Michael O. Snyder
Producer, Director, Editor, Photographer
Michael O. Snyder is a photographer, filmmaker, and environmental scientist who uses his combined knowledge of visual storytelling and conservation to create narratives that connect people to the other-than-human-world and drive social change. He is a Fellow at the Bertha Foundation, a Portrait of Humanity Award recipient, a Blue Earth Alliance Photographer, a National Science Foundation Grant Collaborator, a Rotary Ambassadorial Scholar, and the co-founder of two environmental organizations. He holds an MSc in Environmental Sustainability from the University of Edinburgh, Scotland.
Through his production company, Interdependent Pictures, he has directed films in the Arctic, the Amazon, the Himalaya, and East Africa. His journalism work has been featured by outlets such as National Geographic, The Guardian, The Washington Post, VOX, BBC, Roads & Kingdoms, High Country News, Condé Nast, Orion, and NPR. His films have been selected to over 50 festivals and have taken home numerous awards.
Snyder grew up on 12 acres of woods in Appalachia and spent much of his early adulthood exploring the remote corners of this planet. These experiences set in motion an ongoing love affair with the wildness of this world and desire to re-connect people to it. Snyder’s projects are often built through partnerships with nonprofit organizations and harness the power of positive storytelling in order to shift the narrative about what it means to live well on this planet without destroying it.
An adventurer at heart, Mike has hiked the Appalachian and John Muir Trails, cycled across Europe, and ridden trains across Siberia. Originally from a small town in Appalachia, Snyder has lived around the world including long-term stints in Scotland, Japan, Hawaii, and New Zealand. He currently resides in Charlottesville, Virginia with his wife and two children.
Researcher, Writer, Associate Producer
Dr. Victoria Herrmann is the Managing Director of The Arctic Institute, where her research and writing focus is on climate change, community adaptation, and migration. Victoria has testified before the U.S. Senate and House, served as the Alaska Review Editor for the Fourth National Climate Assessment, contributes to The Guardian and Scientific American on climate policy, and was named one of the most 100 influential people in climate policy worldwide in 2019 by Apolitical.
She has published in many peer-review journals and her expert opinion has appeared on CNN, BBC, and NPR among others. Victoria currently serves as the Principle Investigator of the National Science Foundation funded Arctic Migration in Harmony, a major international initiative to integrate discipline-isolated research on changing Arctic migration patterns and advance knowledge on the movement of peoples, economies, cultures, and ecosystems catalyzed by environmental variability.

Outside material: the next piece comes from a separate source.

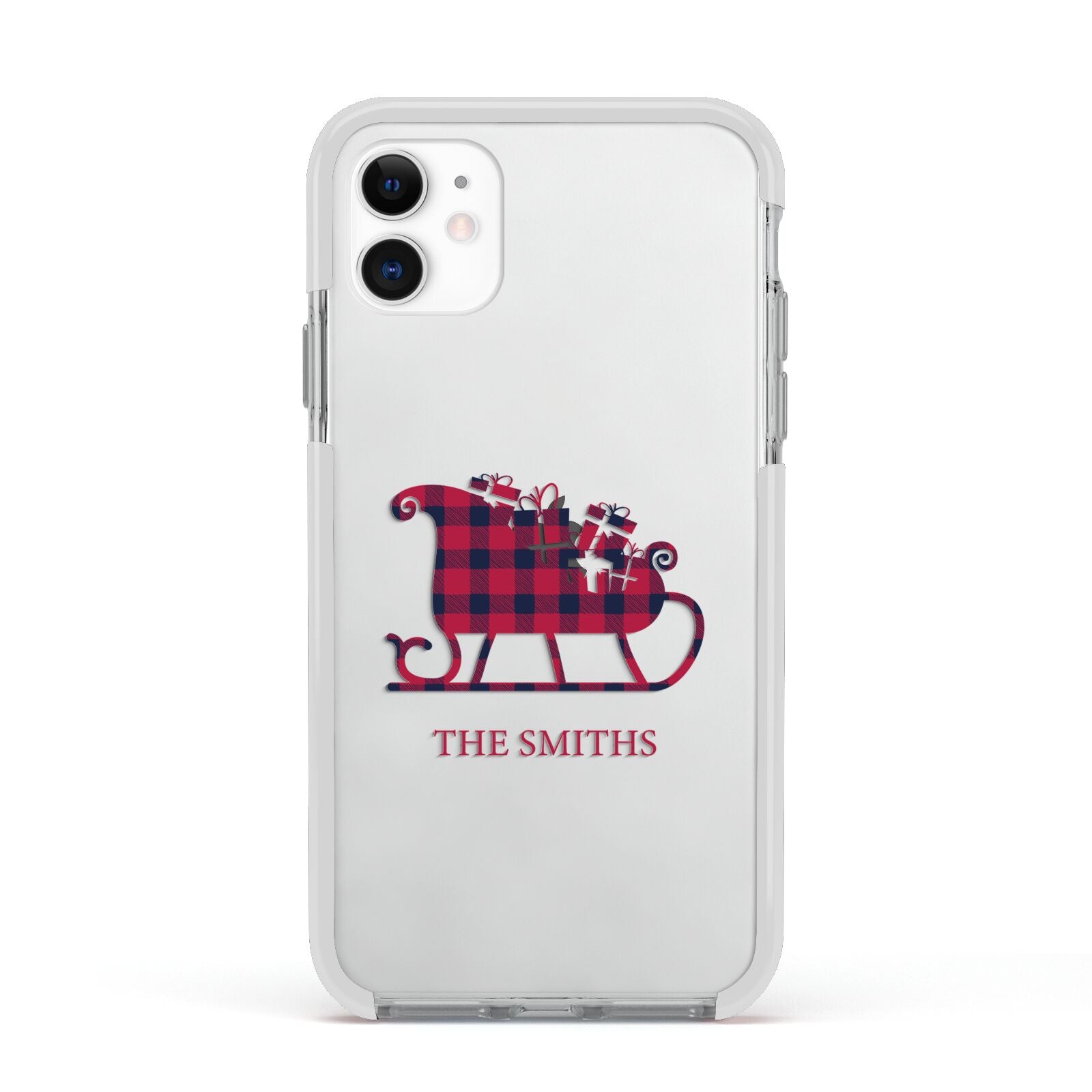 Tartan Santa Sleigh Personalised Surname Apple iPhone 11 in White with White Impact Case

Beyond the Arctic, Victoria studies climate-induced displacement, migration, and relocation in North America and Fiji as a National Geographic Explorer. In her first National Geographic project, America’s Eroding Edges, she traveled across the country interviewing 350 local leaders to identify what’s needed most to safeguard coastal communities against the unavoidable impacts of climate change.
Her project, Rise Up to Rising Tides, is creating an online matchmaking platform that connects pro bono experts with climate-affected communities. The project seeks to safeguard heritage by connecting national expertise to some of the 13 million Americans at risk of being displaced due to rising waters in the coming years.